One of the first questions we get from patients, healthcare leaders, and employers is… “how much does infusion therapy cost?”
Well, the answer is, it depends. There are a number of factors: the drug dose and frequency, insurance, the site of care. It can be quite overwhelming.
One thing is clear: FDA-approved IV treatment is expensive. It is expensive first and foremost because these drugs are expensive to produce. And they wouldn’t be covered by insurance if they weren’t highly effective. Most patients also need regular infusions over long periods of time. Treatment duration contributes to the overall cost as well.
Infusion costs can vary widely depending on drug and frequency
Considering the type of drug
The cost of infusion therapy depends largely on the therapy. Certain drugs, like Tepezza, can cost upwards of $16k per treatment (over $150k per course of treatment), while Remicade can range between $3k-$12k per treatment, totaling upwards of $50k-150k per year.
Considering the frequency of administration
The frequency is a function of the drug’s approved frequency and clinician orders. Patients on IV therapy receive treatment on average 6x per year for ongoing maintenance treatment.
Considering manufacturing costs
The drugs are expensive, primarily because they are so complicated to manufacture. Pharmaceutical companies invest billions of dollars in R&D for these drugs. Specialty drugs are biologic drugs with incredibly complex manufacturing processing, and, unlike traditional oral pills, specialty drugs have specialized shipping and storage requirements. All of these factors impact the ultimate cost paid by patients and health plans.
Insurance impacts what the patient actually pays
How much the patient pays (aka out-of-pocket costs) is ultimately a function of the patient’s insurance coverage. Every plan is different, but there are a few concepts that a patient should remember:
- Copay: a fixed amount of money that you pay for a healthcare service, which generally totals $0-$50 per visit
- Coinsurance: a percentage of the total cost of a healthcare service
- Deductible: an amount of money you must pay before your health insurance plan starts to share costs
- Or a combination of these options
Because of the high cost of infusion therapy, a patient will generally meet their deductible in the first infusion of the year, thus he/she would have limited out-of-pocket expenses for treatment costs the rest of the year.
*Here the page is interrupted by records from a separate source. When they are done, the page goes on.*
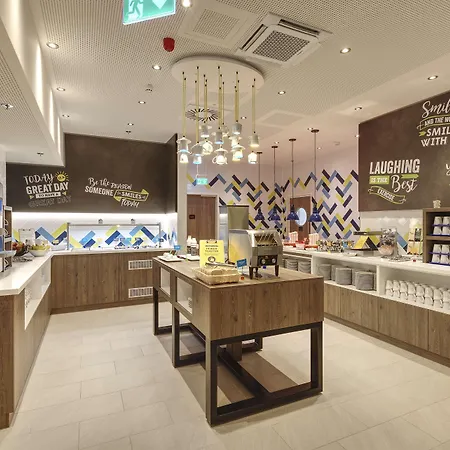 Otel Hampton By Hilton Centre Stuttgart
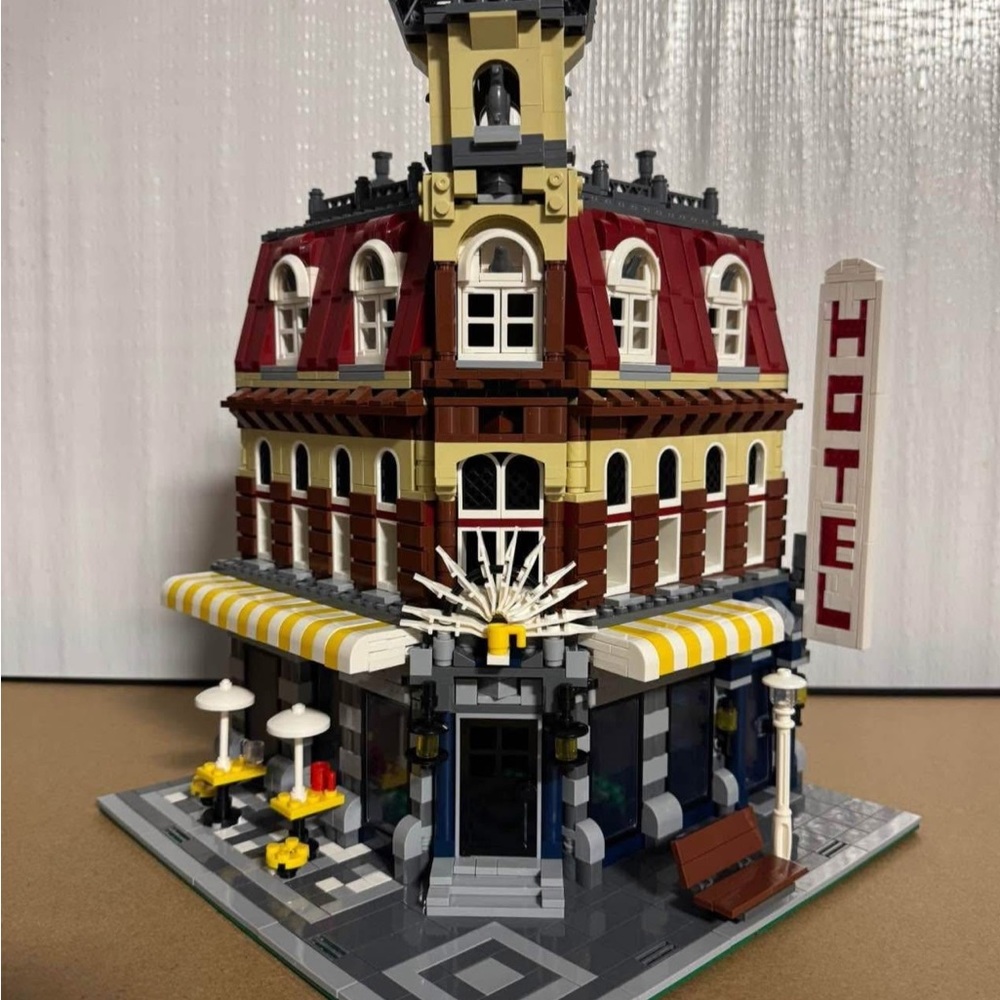Modular Cafe City Corner Store Building set Sealed in BOX Lego Compatible ONLY - Picture 3 of 4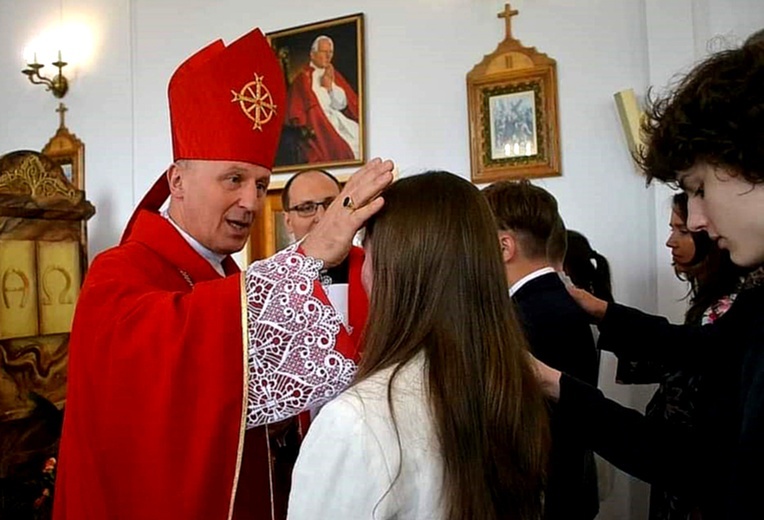 Bp Marek Solarczyk, który przewodniczył rocznicowej Mszy św., udzielił młodzieży sakramentu bierzmowania.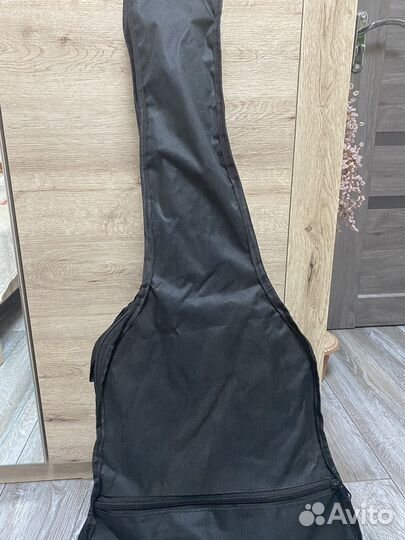 Акустическая гитара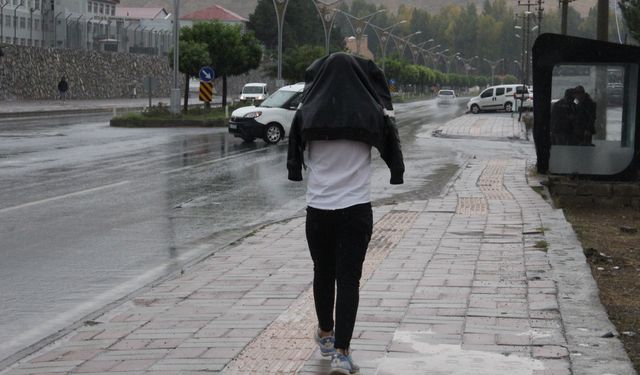 Bitlis'te Kuvvetli Yağışlar İçin Dikkat! Gece Saatlerine Kadar Devam Edecek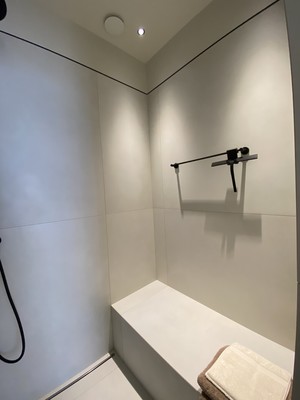 Продам трехкомнатную (3-комн.) квартиру, Курортный (Хостинский р-н) пр-кт, 18, Сочи г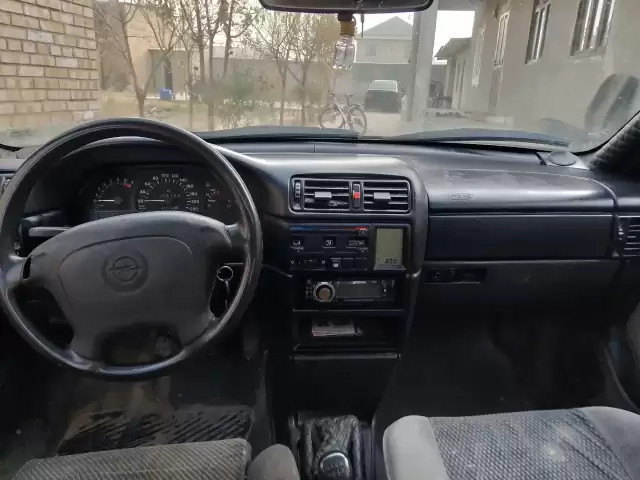 Opel Vectra A, 1995 1, avtobaza.tj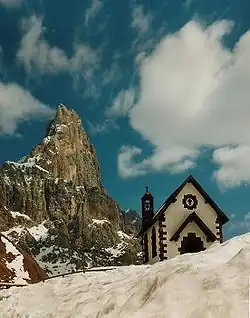 Cimon della Pala s kaplí na vrcholu průsmyku Passo Rolle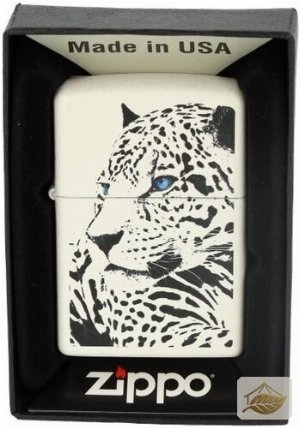 Zippo Leopard-Motiv mit blauen Augen, Gehäuse weiß matt
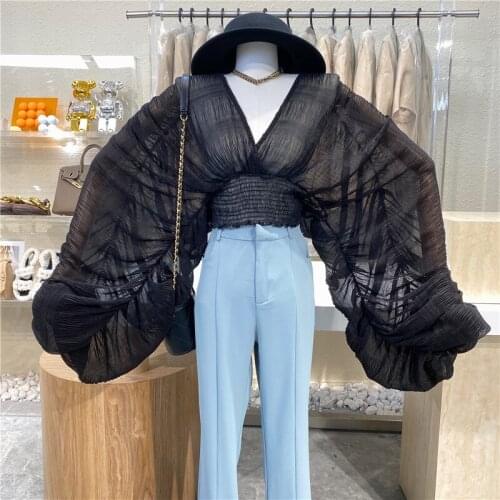 Brand Original Design High-cold Royal Sister Fan Pleated V-neck Top Design Sense Foreign Fashion High Waist Short Slim Shirt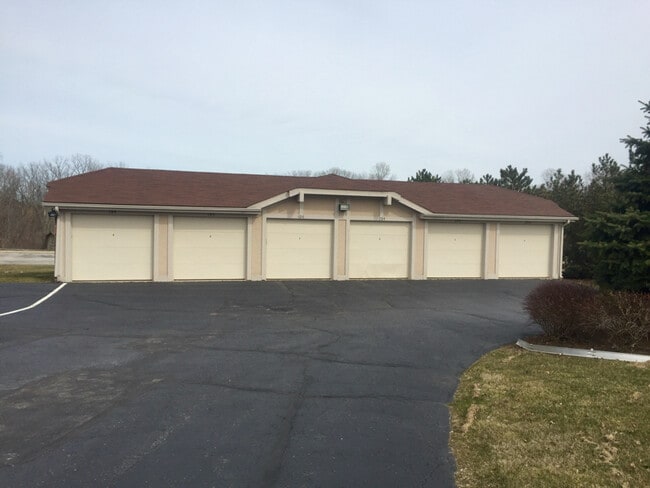 Building Photo - 5615 Baronswood Cir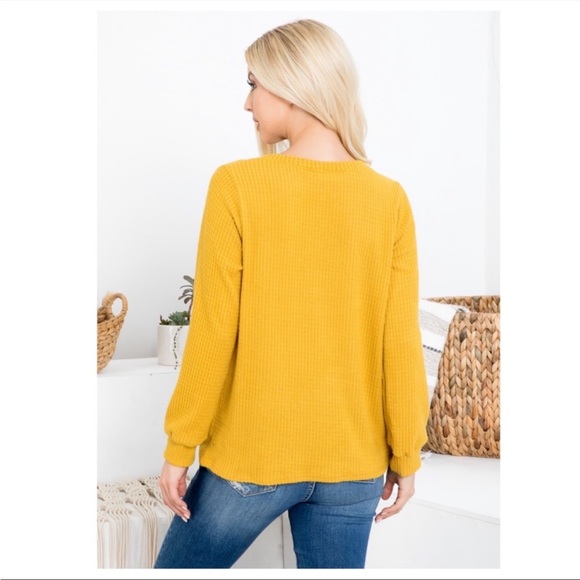 Super Soft Blessed Shirt in Mustard Yellow, M NEW 🎉 - Picture 3 of 10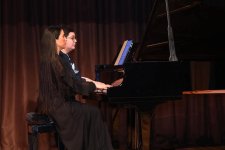 Звуки и краски вдохновения: концерт и выставка в честь великого азербайджанского композитора (ФОТО)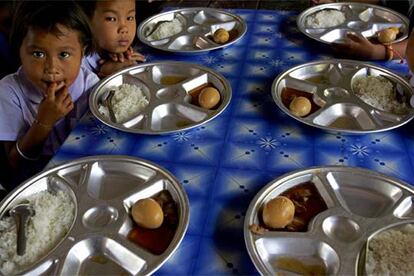 Niños tailandeses que han quedado huérfanos tras el maremoto comen arroz y huevos en un albergue en Phuket, una de las zonas más devastadas.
Site of care has a large impact on cost
The only decision a patient can make to influence the cost of their infusion is to decide where to receive treatment. Generally, there are three options where a patient may receive infusion therapy.
- Hospital outpatient
- Office setting (Ambulatory Infusion Center or Specialty Physician Office)
Hospital outpatient is where 50-60% of infusions take place nationally. The cost is generally ~2x what it costs in the home or office. Home infusion has received a lot of press recently, but according to the National Infusion Center Association, it tends to be 50% more expensive than a healthcare provider’s office. The office setting will be the most affordable care setting for patients who have received a referral from their physician for infusion therapy.
So you were prescribed infusion therapy?
We have spent much of this article describing how and why infusion therapy is expensive and some factors impacting cost. Infusion therapy is expensive and this can be overwhelming and make patients question the decision to receive infusion therapy.
However, there is good news. Manufacturers have copay assistance and financial assistance programs to help offset the cost to patients. These programs will often cover up to $20,000 per year per patient and significantly reduce, or remove, any financial burden a patient may face for the drug’s administration.
One thing every patient should ask of a potential infusion center: will you research and enroll patients in copay and financial assistance programs? High-quality infusion centers will do these activities proactively for patients.
Finance & insurance FAQs
What insurance do you take at Local Infusion?
We work with many major insurance companies, including Anthem, Aetna, Cigna, Harvard Pilgrim Healthcare, Human, Medicare, and United Healthcare.
What if you do not take my insurance?
If we are not in-network with your insurance plan we may still be able to bill your insurance carrier out-of-network. If you do not have out-of-network benefits available, we are also able to see you as a Self Pay patient. Feel free to contact our team if you would like more details.
What is copay assistance?
A copay assistance card (also known as a copay savings program, copay coupon, or simply a copay card) is essentially a coupon that makes a medication way more cost-effective for you. You simply sign up for the program (and Local Infusion can also help you out here!) — usually via a form on your drug manufacturer’s website or an independent copay card website — download or get your card in the mail, and show it at the pharmacy when you go to fill your prescription.
Instead of paying a high copay (perhaps $50, $75, or more, depending on the specifics of your insurance coverage), you pay a lot less for infusion services. In some cases, you might not owe anything at all. The pharmaceutical company covers the difference.
Who is eligible for copay assistance?
Program restrictions vary, but generally anyone who has private health insurance (not Medicare or Medicaid) is eligible to enroll in a copay assistance program. You don’t typically have to prove that paying your regular copay for the medication would present a financial hardship.